Exercise prompt -
Find each line below containing the word "Building" and copy it.
########
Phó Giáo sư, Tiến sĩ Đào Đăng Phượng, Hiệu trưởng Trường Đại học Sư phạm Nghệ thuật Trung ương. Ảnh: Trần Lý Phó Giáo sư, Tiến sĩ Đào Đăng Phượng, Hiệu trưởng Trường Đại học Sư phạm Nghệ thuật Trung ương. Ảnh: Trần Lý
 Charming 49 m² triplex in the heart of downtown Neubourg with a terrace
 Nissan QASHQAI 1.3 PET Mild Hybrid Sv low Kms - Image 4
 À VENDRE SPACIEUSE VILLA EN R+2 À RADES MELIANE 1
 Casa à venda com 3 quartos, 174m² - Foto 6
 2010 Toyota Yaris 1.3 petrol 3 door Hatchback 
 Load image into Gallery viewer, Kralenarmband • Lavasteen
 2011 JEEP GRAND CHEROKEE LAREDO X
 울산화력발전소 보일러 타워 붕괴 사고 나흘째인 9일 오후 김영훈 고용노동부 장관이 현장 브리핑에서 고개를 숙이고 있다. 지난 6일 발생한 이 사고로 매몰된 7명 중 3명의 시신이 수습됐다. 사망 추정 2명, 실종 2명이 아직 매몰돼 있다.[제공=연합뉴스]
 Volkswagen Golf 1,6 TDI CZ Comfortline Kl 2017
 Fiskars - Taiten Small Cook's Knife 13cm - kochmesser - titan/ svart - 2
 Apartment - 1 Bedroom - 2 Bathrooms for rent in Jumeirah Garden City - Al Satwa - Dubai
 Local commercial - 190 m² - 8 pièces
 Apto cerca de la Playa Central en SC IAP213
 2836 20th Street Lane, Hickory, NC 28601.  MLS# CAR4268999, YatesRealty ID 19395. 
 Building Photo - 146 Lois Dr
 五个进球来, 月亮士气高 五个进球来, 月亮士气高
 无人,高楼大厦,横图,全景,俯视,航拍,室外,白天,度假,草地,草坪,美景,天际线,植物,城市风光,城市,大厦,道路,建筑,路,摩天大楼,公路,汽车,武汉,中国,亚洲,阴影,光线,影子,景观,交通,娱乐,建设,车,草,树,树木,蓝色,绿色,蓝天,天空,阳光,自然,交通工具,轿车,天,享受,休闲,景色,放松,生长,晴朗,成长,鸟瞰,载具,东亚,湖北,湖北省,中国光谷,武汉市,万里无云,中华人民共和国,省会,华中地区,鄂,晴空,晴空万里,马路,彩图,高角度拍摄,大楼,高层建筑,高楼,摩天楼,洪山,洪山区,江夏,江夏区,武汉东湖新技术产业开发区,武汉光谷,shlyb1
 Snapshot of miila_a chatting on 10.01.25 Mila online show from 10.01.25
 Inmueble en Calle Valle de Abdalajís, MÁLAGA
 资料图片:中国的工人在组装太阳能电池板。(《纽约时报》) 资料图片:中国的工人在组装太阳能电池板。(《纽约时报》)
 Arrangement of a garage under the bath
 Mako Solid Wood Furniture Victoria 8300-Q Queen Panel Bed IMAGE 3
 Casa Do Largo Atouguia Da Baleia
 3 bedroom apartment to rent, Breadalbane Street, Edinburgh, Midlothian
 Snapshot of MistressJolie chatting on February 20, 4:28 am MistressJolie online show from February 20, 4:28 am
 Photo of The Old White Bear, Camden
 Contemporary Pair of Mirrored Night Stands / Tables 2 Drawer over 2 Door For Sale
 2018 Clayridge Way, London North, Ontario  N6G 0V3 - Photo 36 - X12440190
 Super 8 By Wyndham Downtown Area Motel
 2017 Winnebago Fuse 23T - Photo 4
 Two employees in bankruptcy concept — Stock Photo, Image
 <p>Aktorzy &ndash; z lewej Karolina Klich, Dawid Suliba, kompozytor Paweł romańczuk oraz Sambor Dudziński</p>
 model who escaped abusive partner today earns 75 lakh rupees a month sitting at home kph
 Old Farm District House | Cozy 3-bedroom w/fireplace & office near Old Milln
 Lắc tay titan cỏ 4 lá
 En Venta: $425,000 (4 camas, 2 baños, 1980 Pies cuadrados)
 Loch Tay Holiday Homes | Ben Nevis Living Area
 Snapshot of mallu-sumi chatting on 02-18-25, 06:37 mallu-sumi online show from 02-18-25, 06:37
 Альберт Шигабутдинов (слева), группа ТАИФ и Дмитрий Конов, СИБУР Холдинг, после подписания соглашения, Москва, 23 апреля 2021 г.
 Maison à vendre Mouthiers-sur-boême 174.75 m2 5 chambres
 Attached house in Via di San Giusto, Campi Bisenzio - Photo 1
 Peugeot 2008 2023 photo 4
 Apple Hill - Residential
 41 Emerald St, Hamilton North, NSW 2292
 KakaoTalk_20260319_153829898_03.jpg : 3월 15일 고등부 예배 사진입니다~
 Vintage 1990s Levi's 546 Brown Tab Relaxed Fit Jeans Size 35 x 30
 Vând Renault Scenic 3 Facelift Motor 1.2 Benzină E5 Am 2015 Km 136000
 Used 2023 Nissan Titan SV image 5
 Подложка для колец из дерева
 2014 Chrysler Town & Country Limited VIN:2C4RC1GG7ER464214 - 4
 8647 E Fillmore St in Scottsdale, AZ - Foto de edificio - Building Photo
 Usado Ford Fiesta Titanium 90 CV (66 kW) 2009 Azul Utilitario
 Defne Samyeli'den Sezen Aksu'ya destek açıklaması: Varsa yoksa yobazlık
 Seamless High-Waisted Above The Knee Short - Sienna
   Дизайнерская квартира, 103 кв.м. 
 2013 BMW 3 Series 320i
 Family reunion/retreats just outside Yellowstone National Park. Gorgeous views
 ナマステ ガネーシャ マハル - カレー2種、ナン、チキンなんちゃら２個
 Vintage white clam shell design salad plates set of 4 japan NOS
########
Response to this exercise -
 Building Photo - 146 Lois Dr
 8647 E Fillmore St in Scottsdale, AZ - Foto de edificio - Building Photo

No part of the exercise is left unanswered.